*Data shown*.

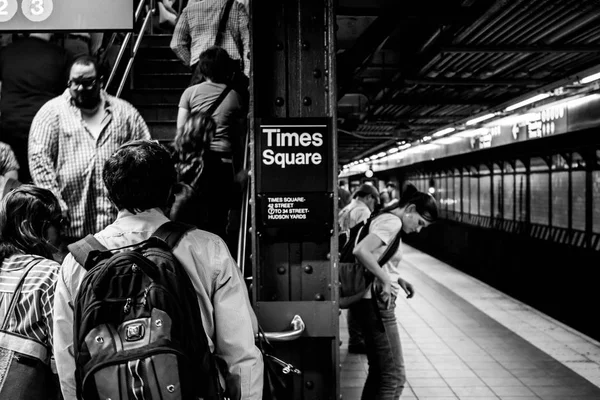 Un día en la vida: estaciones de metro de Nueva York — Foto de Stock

---

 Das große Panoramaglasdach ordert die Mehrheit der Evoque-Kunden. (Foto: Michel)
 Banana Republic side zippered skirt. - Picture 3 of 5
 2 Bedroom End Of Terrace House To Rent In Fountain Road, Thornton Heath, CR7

*Task directions*. The stretch of entries above that starts with the line containing "Das große Panoramaglasdach" and goes on through the line containing "2 Bedroom End" is to be transcribed exactly, and no other line is to be transcribed.

*Answer to the problem*.
 Das große Panoramaglasdach ordert die Mehrheit der Evoque-Kunden. (Foto: Michel)
 Banana Republic side zippered skirt. - Picture 3 of 5
 2 Bedroom End Of Terrace House To Rent In Fountain Road, Thornton Heath, CR7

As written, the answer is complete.